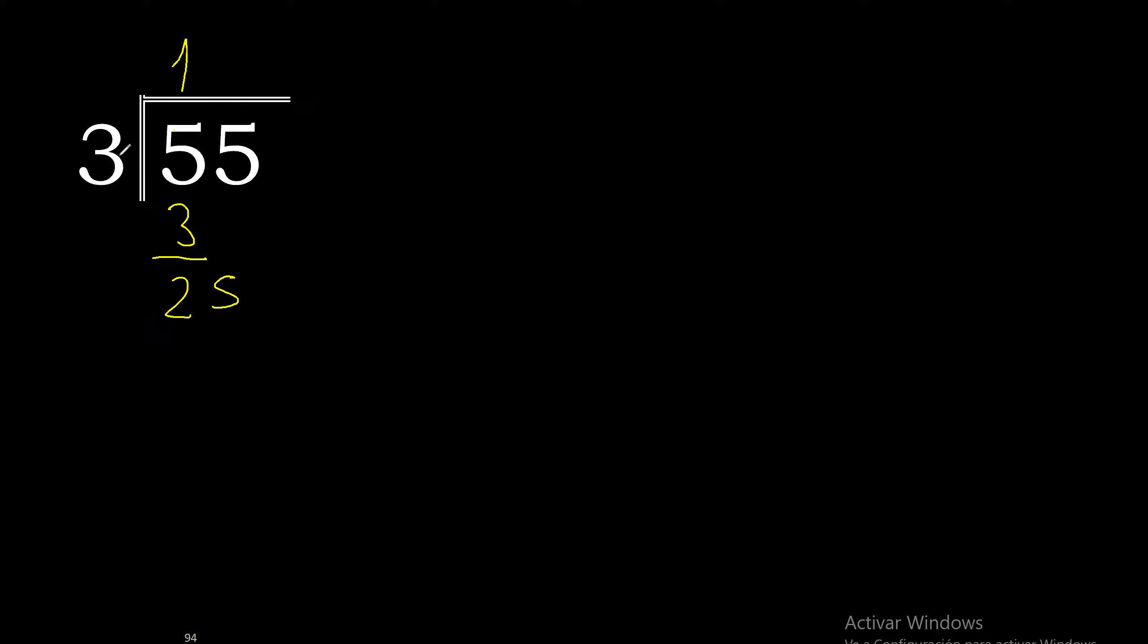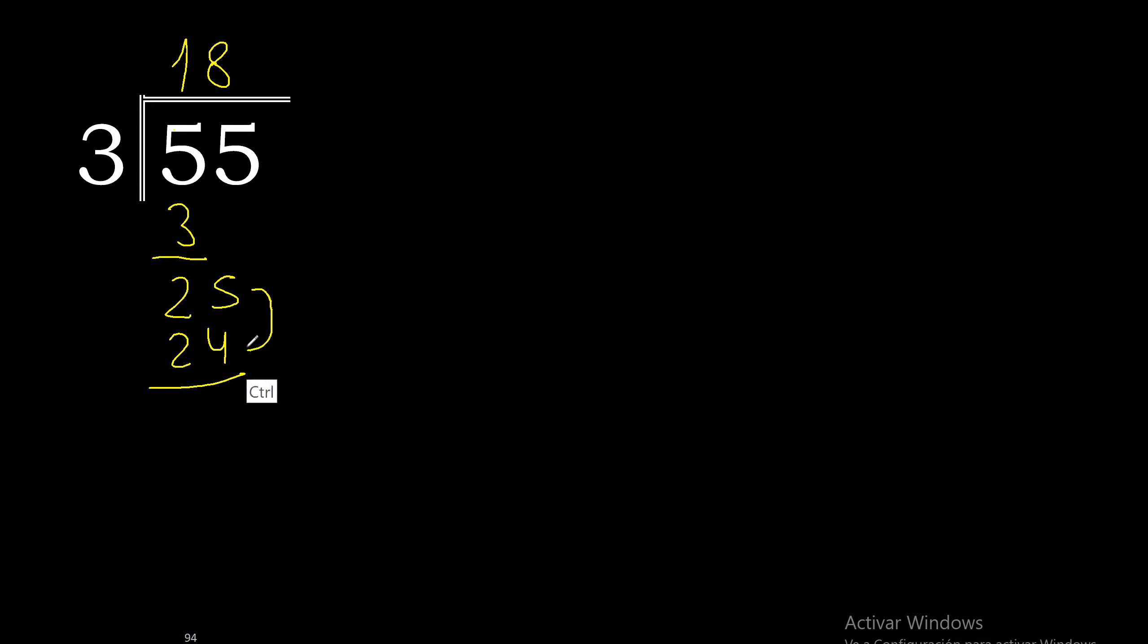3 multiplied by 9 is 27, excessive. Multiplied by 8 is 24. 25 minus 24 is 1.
* * *
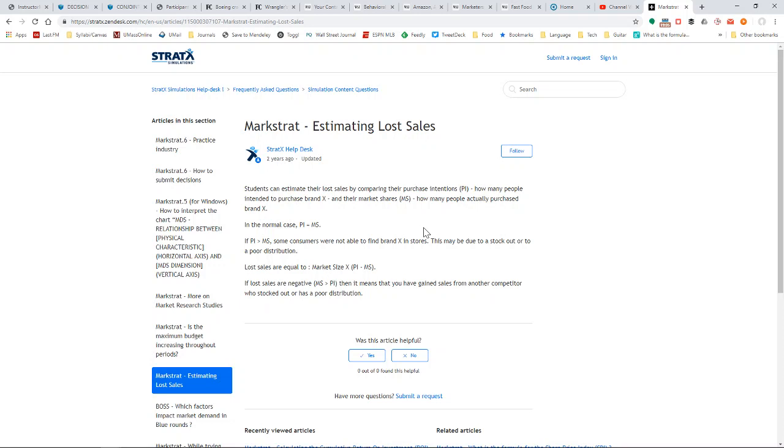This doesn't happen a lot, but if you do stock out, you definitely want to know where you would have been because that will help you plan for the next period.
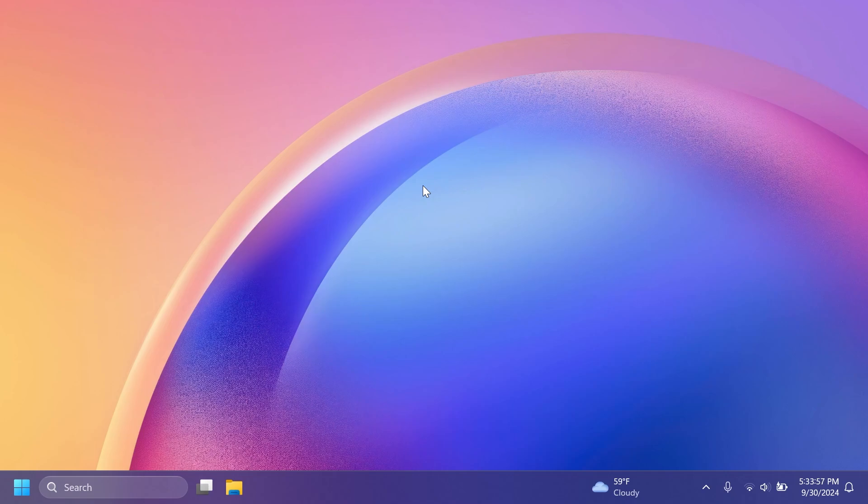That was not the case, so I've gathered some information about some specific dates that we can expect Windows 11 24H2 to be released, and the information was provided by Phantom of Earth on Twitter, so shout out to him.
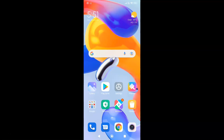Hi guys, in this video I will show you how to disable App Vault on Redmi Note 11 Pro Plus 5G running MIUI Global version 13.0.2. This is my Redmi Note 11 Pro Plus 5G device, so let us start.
==
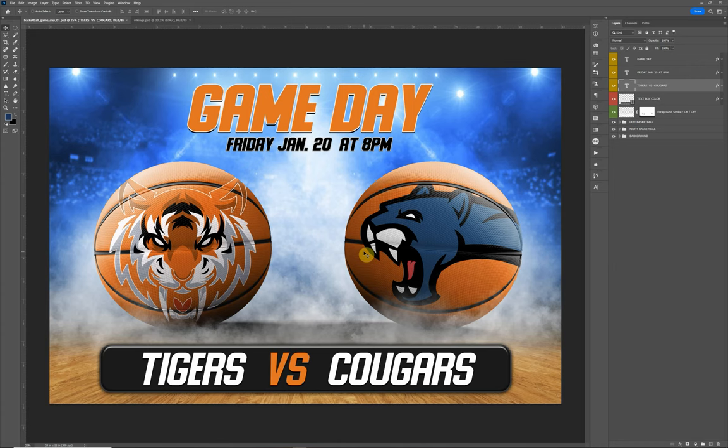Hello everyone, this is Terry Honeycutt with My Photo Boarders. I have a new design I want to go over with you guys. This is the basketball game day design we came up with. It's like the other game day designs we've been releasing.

▶ Activity
Nothing but the lines from the one with "This doesn't happen" up to and including the one with "Hi guys, in" should be printed, exactly as they read above. Please keep the pictures out.

▶ Output
This doesn't happen a lot, but if you do stock out, you definitely want to know where you would have been because that will help you plan for the next period.
That was not the case, so I've gathered some information about some specific dates that we can expect Windows 11 24H2 to be released, and the information was provided by Phantom of Earth on Twitter, so shout out to him.
Hi guys, in this video I will show you how to disable App Vault on Redmi Note 11 Pro Plus 5G running MIUI Global version 13.0.2. This is my Redmi Note 11 Pro Plus 5G device, so let us start.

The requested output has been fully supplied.